- Cover art for La loi de la nature

Studio album by Dynastie Le Tigre
- Released: May 30, 2015 ; May 26, 2016 _{ (Deluxe)};
- Recorded: 2015
- Genre: Afropop, Afrobeat, R&B
- Length: 52:36
- Label: Tiger Prod Hope Music Group
- Producer: Executive producer Cedric Biyong Edimengo;

Dynastie Le Tigre chronology
| Totopiii (2013) | La loi de la nature (00000001) |  |

Singles from La loi de la nature
- "Prend soin d'elle" Released: 2015; "Joue Moi Le Mendjang" Released: 2015; "Juste Un Peu {{sub [ feat (X-Maleya)}}" Released: 2016; "Dingue de toi" Released: 2016;

= La Loi de la nature =

La loi de la nature is an album that was released by the Cameroonian singer Dynastie Le Tigre on May 30, 2015, worldwide.

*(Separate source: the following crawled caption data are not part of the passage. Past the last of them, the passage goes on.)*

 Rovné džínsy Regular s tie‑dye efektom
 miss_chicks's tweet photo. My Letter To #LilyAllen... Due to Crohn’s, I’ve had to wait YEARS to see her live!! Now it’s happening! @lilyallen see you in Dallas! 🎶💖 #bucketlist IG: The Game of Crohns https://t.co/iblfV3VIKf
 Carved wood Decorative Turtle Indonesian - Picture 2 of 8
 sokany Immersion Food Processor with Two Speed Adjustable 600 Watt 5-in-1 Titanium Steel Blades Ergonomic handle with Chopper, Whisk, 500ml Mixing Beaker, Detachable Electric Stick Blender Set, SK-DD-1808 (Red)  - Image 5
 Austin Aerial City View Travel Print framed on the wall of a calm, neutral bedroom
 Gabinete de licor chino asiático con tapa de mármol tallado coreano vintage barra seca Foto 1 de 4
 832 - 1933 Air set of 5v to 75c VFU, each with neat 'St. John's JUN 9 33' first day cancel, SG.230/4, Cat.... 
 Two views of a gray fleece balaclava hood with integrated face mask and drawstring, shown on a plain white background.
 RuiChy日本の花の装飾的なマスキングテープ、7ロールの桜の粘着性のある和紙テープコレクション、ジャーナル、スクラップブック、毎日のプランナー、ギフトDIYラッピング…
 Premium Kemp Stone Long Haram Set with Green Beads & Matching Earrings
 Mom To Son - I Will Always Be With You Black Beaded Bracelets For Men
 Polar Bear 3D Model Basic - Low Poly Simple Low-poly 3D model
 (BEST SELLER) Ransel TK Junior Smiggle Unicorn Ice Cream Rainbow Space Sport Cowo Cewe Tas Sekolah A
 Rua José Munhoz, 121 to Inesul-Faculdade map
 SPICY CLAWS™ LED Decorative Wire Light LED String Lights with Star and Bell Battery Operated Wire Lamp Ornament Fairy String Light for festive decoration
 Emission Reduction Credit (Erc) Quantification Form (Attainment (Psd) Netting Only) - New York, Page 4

A deluxe version of the album was released worldwide on May 26, 2016, by Tiger Prod and was marketed & distributed by Hope Music Group. The album is a walk of more than an hour in the heart of African rhythms revisited and modernized by Dynastie and his Dynastie family orchestration. Thereby emerge new musical variations such the Kwatt'nB & the Neo Bikutsi. Alongside these crossbreeding, Dynastie browsed through new genres from elsewhere as Afropop and even R&B.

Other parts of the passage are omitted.